House Minority Leader Kevin McCarthy (R-CA) is calling for investigations into President Biden’s handling of the US troops’ withdrawal from Afghanistan, where the democratic government was toppled over the weekend by Taliban forces.
McCarthy, a close ally of former President Donald Trump, seems to forget that it was Trump himself who made the call to bring American troops home as a central part of his “America First” foreign policy and signed an agreement with the Taliban, basically handing over control of Afghanistan to the Islamic group.
However, now Joe Biden has followed the agreement and delivered on the promise, Republicans are criticizing Biden over the grim results that are unfolding in Afghanistan.
McCarthy told Punchbowl News late Sunday that Biden’s decision this year to remove thousands of U.S. troops from Afghanistan was a “mistake that will haunt us for decades,” and pointed to the president’s choice to highlight Sept. 11 of this year as a target date to have troops out of the region.
McCarthy said it was also a mistake to pull U.S. forces out “during the summer, when [the Taliban is] at their height.”
He also indicated he wants investigations probing what the American and allied intelligence community knew in the weeks and months leading up to the fall of the Afghan government.
Several other leading Republicans including, Senate Minority Leader Mitch McConnell (Ky.) and Trump himself, have blasted Biden’s decision to follow through with a policy initiated by Trump.
Meanwhile, Biden announced that the U.S. would send 1,000 more troops to the country to assist with evacuating U.S. personnel, some of whom have reportedly been scrambling to leave the country as Taliban fighters take control of the city of Kabul.
“Over our country’s 20 years at war in Afghanistan, America has sent its finest young men and women, invested nearly $1 trillion dollars, trained over 300,000 Afghan soldiers and police, equipped them with state-of-the-art military equipment, and maintained their air force as part of the longest war in US history,” Biden said Saturday in a statement announcing the move. “One more year, or five more years, of US military presence would not have made a difference if the Afghan military cannot or will not hold its own country. And an endless American presence in the middle of another country’s civil conflict was not acceptable to me.”

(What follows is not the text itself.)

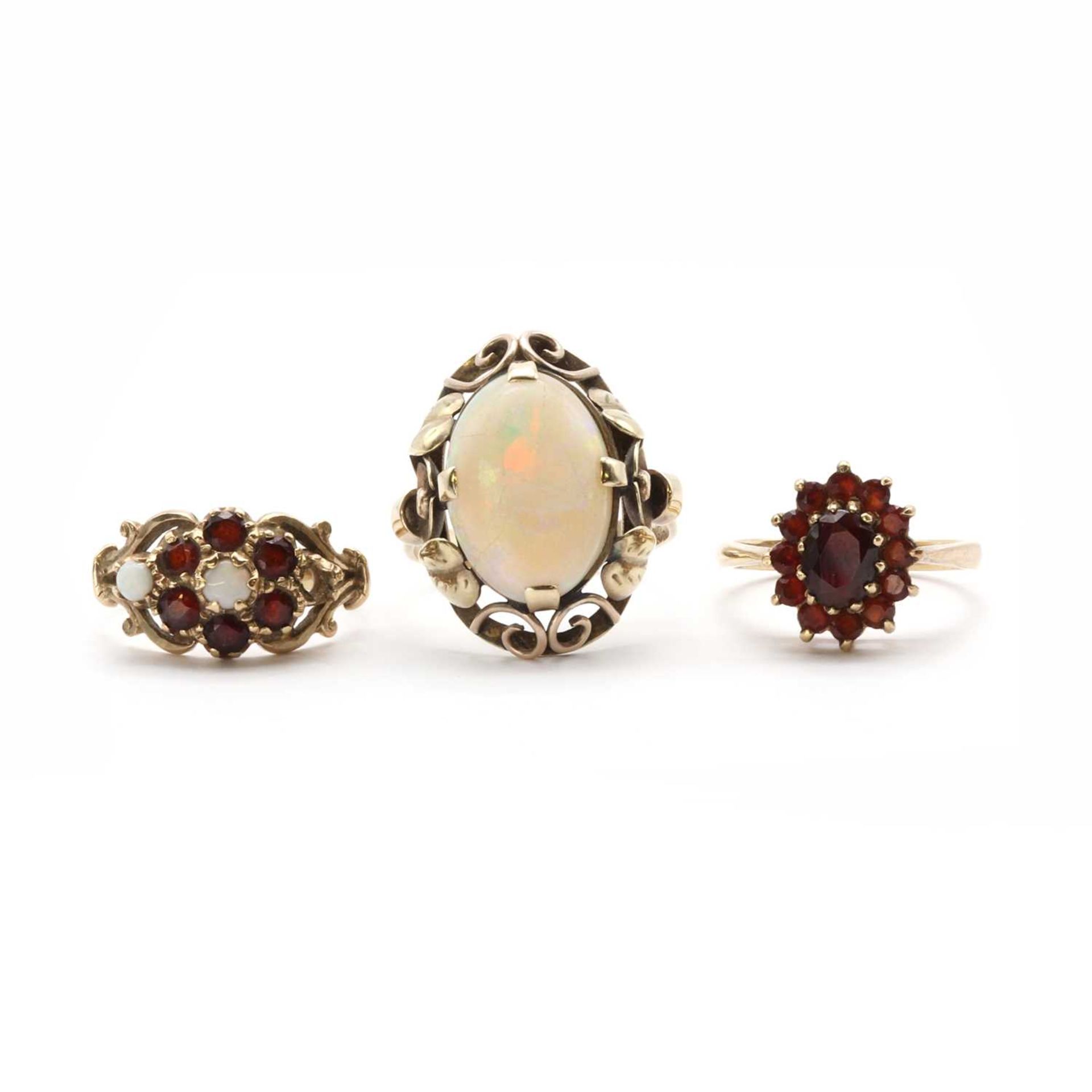 A gold single stone opal ring,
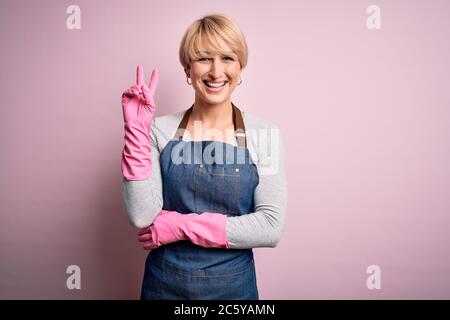 Junge blonde Putzfrau mit kurzen Haaren trägt Schürze und Handschuhe über rosa Hintergrund lächelnd mit glücklichen Gesicht zwinkert an der Kamera tun Sieg s Stockfoto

The White House has separately shifted blame for the collapse of the Afghan government to former President Trump, with Biden saying the previous administration left the Taliban “in the strongest position militarily since 2001.”
McCarthy was reportedly one of only two Republicans who spoke out during a briefing on Sunday with Defense Secretary Lloyd Austin, Secretary of State Antony Blinken and Joint Chiefs Chairman Mark Milley.
“How does the rest of the world look at us?” the minority leader told Punchbowl. “They like that the president doesn’t tweet, but they don’t think America is very tough.”